Until recently, I have not really given much thought to magnesium and what it does throughout our bodies. On a molecular level, I have known for quite some time that it is involved in numerous chemical reactions in the body, but it never really clicked with me how very important it is. That all changed when I started having heart palpitations a few weeks ago. I have never had any heart problems in the past. I have never had a murmur or arrhythmias (irregular heartbeats) and all EKGs were “disgustingly normal” (as a doctor once told me). So, naturally, I was very worried when, out of the blue, I started feeling a pressure in my chest, fluttering of my heart and was experiencing a drop in blood pressure, increase in resting heart rate and occasionally irregular heartbeats.
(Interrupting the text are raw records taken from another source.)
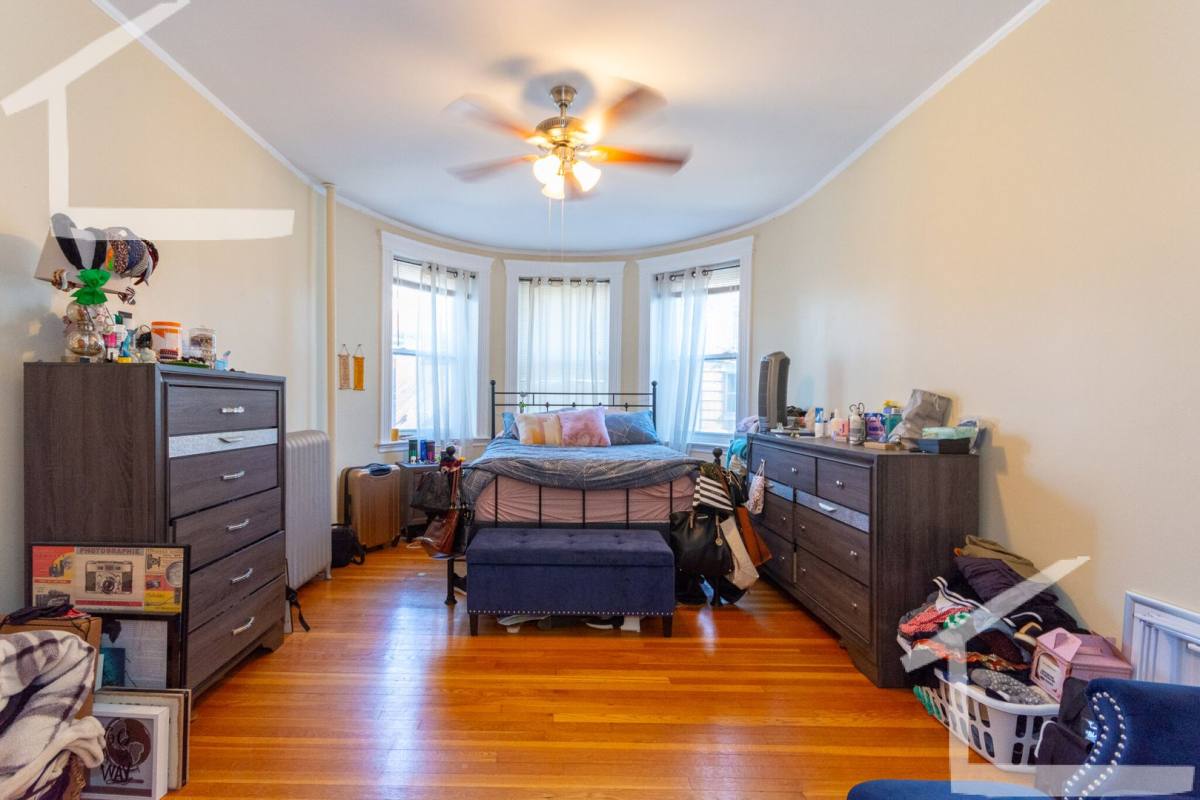 Apartment for rent at 14 Fuller St #2, Brookline, MA 02446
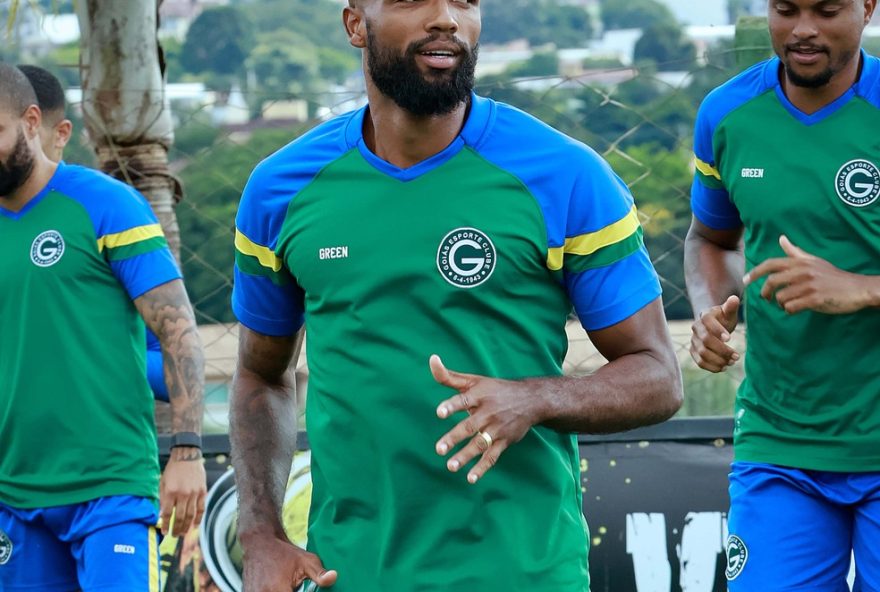 messias-desfalca-goias-contra-volta-redonda3B-lucas-ribeiro-de-volta-para-reforcar-a-defesa-lider-da-serie-b-busca-vitoria-em-casa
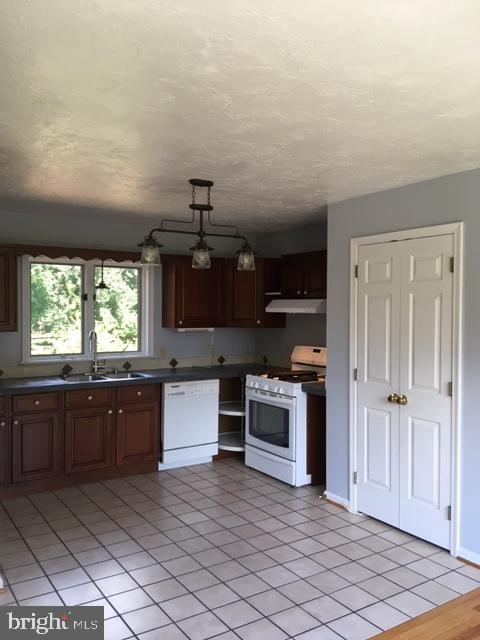 2039 Spring Street York, PA 17408 - Photo 18 of 36 Gallery Image 18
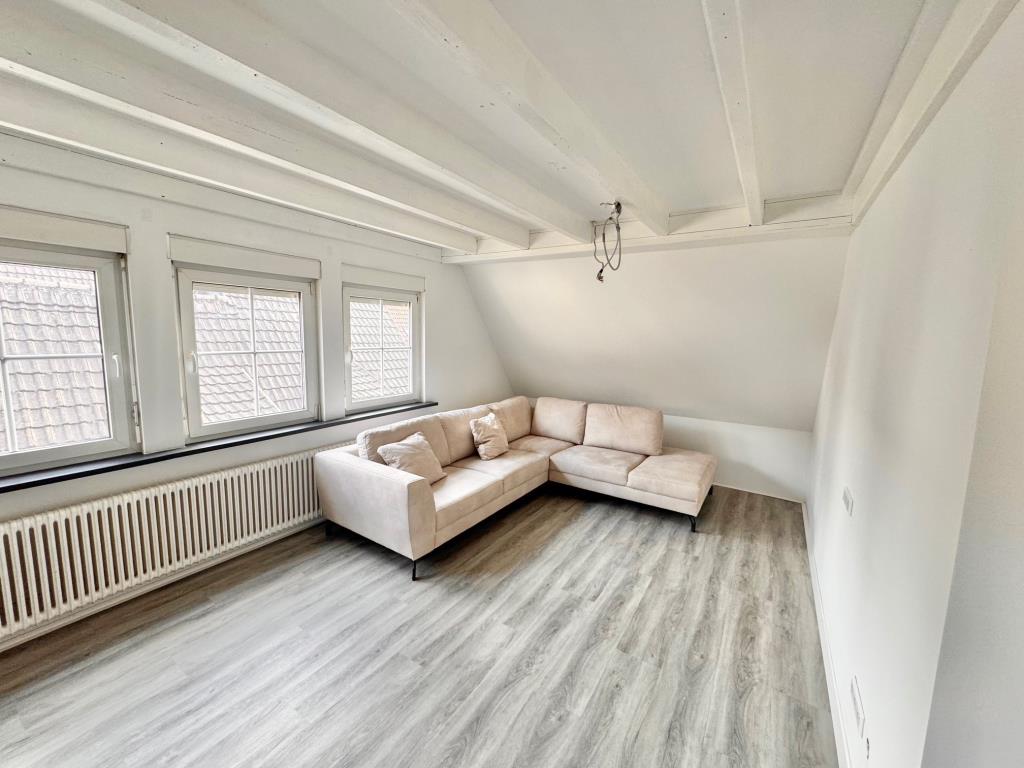 Seltene Gelegenheit! Sofort beziehbare 3,5 Zimmer-Dachstudiowohnung! - Wohnzimmer (40722)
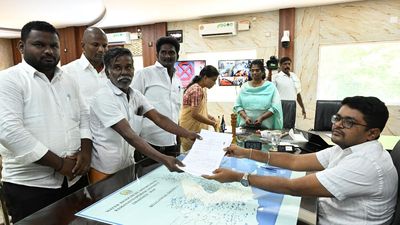 Lok Sabha poll | Five Panneerselvams fancy their chances in Ramanathapuram
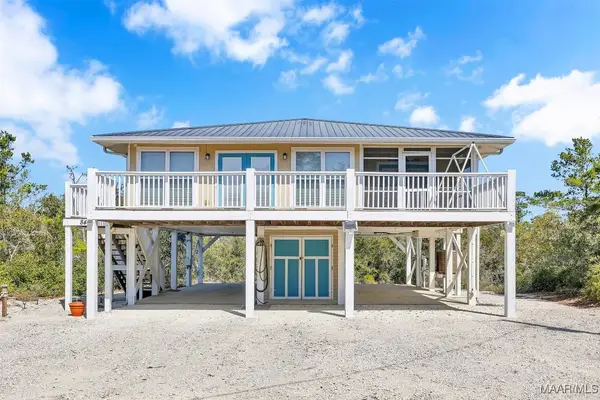 8407 Robley Lane, Gulf Shores, AL 36542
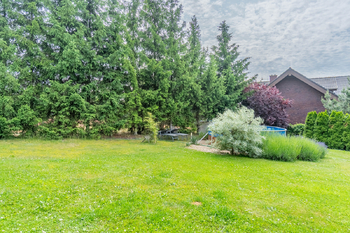 Prodej domu 420 m², Černolice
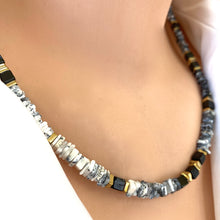 Charger l'image dans la galerie, Collier en opale dendritique et spinelle noir, fermoir magnétique plaqué or, 40 ou 48 cm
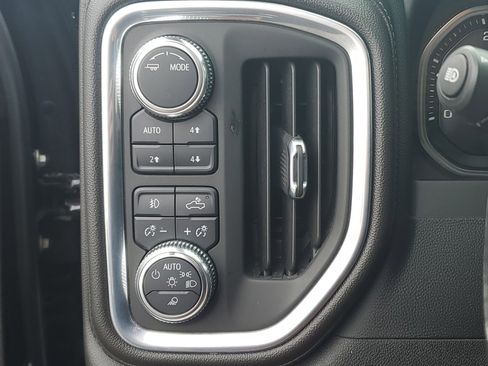 Used 2022 GMC Sierra 2500 Denali image 27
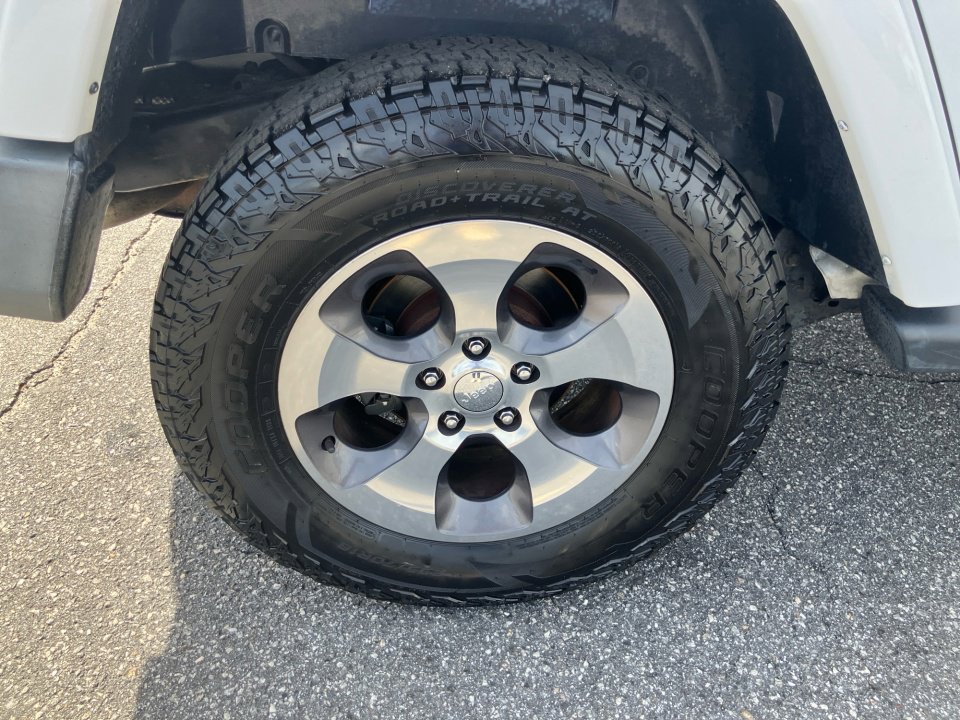 Used 2017 Jeep Wrangler Unlimited Sahara w/ Connectivity Group image 27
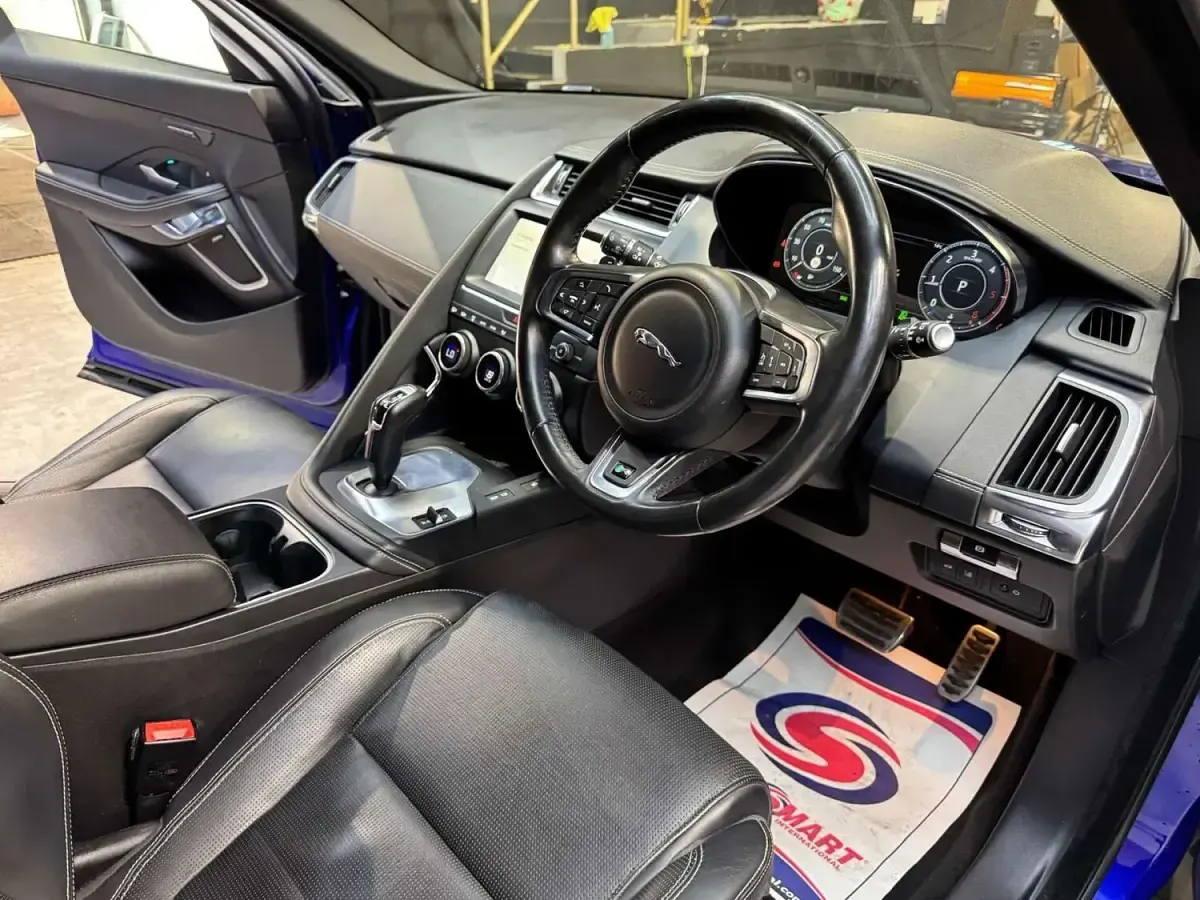 Used Jaguar E-Pace R-Dynamic 180 HP (132 kW) 2018 Blue SUV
After weeks of testing, all anyone could tell me was that MAYBE I was deficient in magnesium. So that made me want to find out more…
Believe it or not, testing for magnesium levels in the blood is extremely inaccurate. Serum magnesium (magnesium in the blood) accounts for about 1% of magnesium in the body’s tissues. 1%!!! So when having your blood tested, take that result with a grain of salt because it may or may not be telling you the entire story. Magnesium deficiency manifests in many different ways and can mimic so many other disorders that it is extremely difficult to correctly diagnose. Here are some symptoms associated with low magnesium:
Loss of muscle coordination
Involuntary eye movement or vertigo
Irritability and anxiety
Loss of memory and cognitive function
Loss of appetite
Nausea and vomiting
Irregular or rapid heartbeat
Increased intracellular calcium
Also, be on the lookout for bone issues. When your body is in a state of “functioning” low magnesium, the body will strip magnesium from bone to utilize it in other biochemical reactions which can cause damage to the bones. If this is occurring, testing for magnesium levels will likely return normal, which can lead to a missed diagnosis.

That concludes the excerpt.